Boris Ephrussi, a bench scientist by the way, who proved that mitochondria are self-replicating entities that couldn't be replaced once they were gone, put it this way:
"An hypothesis does not cease to be an hypothesis when a lot of people believe it."
Furthermore the Darwinian myth does not even qualify as an hypothesis because it has no predictive value. Yet it has been accepted as gospel by the vast majority of those who identify themselves as evolutionists. The simple truth is that the Darwinian fairy tale has been kept alive by a handfull of rather skillfull wordsmiths not one of whom can be considered a scientist. You all have named your forum in honor of one of them when you took his book title as your logo. Gould, Mayr, Dawkins and Provine have done nothing but inhibit progress in evolutionary science. Not a single scientific discovery can be identified with any of them. They have spouted only atheist ideology, totally oblivious to the real world.
Who is next?
John A. Davison
John A. Davison · 12 March 2005
Yes indeed, as near as we can tell evolution is not in progress and not a single species has replaced the many thousands that have become extinct in historical times. Correct me if I am wrong folks. I can't wait to hear all about it. If phylogeny is like ontogeny as I believe it is, then we can expect that, like ontogeny, it has been a self-limiting self-terminating phenomenon and we are witnessing its demise at present. Just as the individual dies at the end of its life so do the products of evolution die when that process is finished as well. If that is what the evidence indicates that is what must be the case. As a matter of fact, I like this idea so much I think I will write a paper about it.
How do you like them apples?
John A. Davison
steve · 12 March 2005
I used to think the guy at Fixed Earth.com was the biggest idiot in the world. But he is now in stiff competition with this guy
http://socialjusticereview.org/articles/evolutionary_theories.php
steve · 12 March 2005
He even mentions Heddle's Law (though not by name). He really is trying to take the lead!
Ed Darrell · 12 March 2005
Ed Darrell · 12 March 2005
Henry J · 12 March 2005
Re "If phylogeny is like ontogeny as I believe it is, then we can expect that, like ontogeny, it has been a self-limiting self-terminating phenomenon and we are witnessing its demise at present."
If it were like you say it is, we'd have no explanation for why life forms can be classified in a nest heirarchy.
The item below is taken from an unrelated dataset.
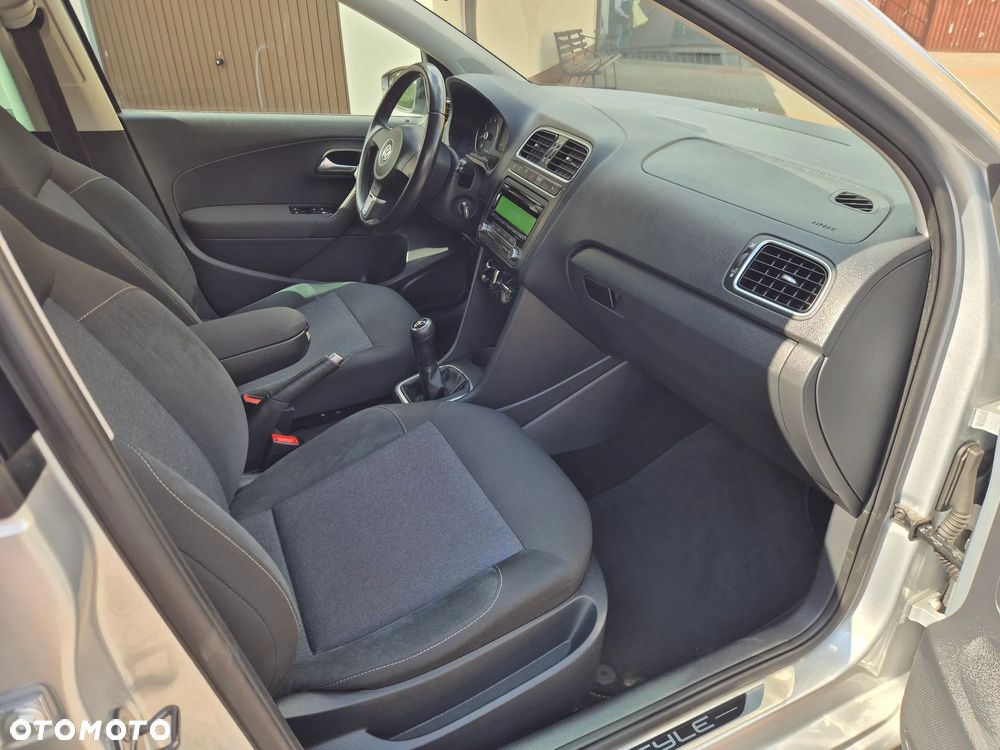 Volkswagen Polo 1.4 16V Highline - 20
Evolution via accumulated genetic change implies such a heirarchy among species that don't swap genes with each other. Front loading if it occurred wouldn't do that unless the front loader carefully orchestrated it. And in that case you'd have no reason to blame scientists for being fooled, given the nature of the one doing the fooling.
And as for new species evolving now, unless they're really small, where are they going to live? All the habitable areas seem to be in use.
Henry
John A. Davison · 13 March 2005
Of course the front-loader orchestrated it. The front-loader orchestrated everything in the universe dummy. Let's just call the front-loader FL from now on shall we. It avoids any personification. I suppose you Darwimps think that Mendeleef's Periodic table was produced by natural selection, or how about Newton's Laws of Motion or Galileo's Law of Falling Bodie? FL did it all folks. Get used to it. The only difference between the prescribed laws of chemistry and physics, on the one hand, and the prescribed laws of ontogeny and phylogeny on the other is that the latter have not yet been discovered. One thing is becoming increasingly obvious. Chance had absolutely nothing to do with any evolutionary or developmental step. They were both driven entirely by endogenous, predetermined and preprogrammed hardware designed and installed by FL.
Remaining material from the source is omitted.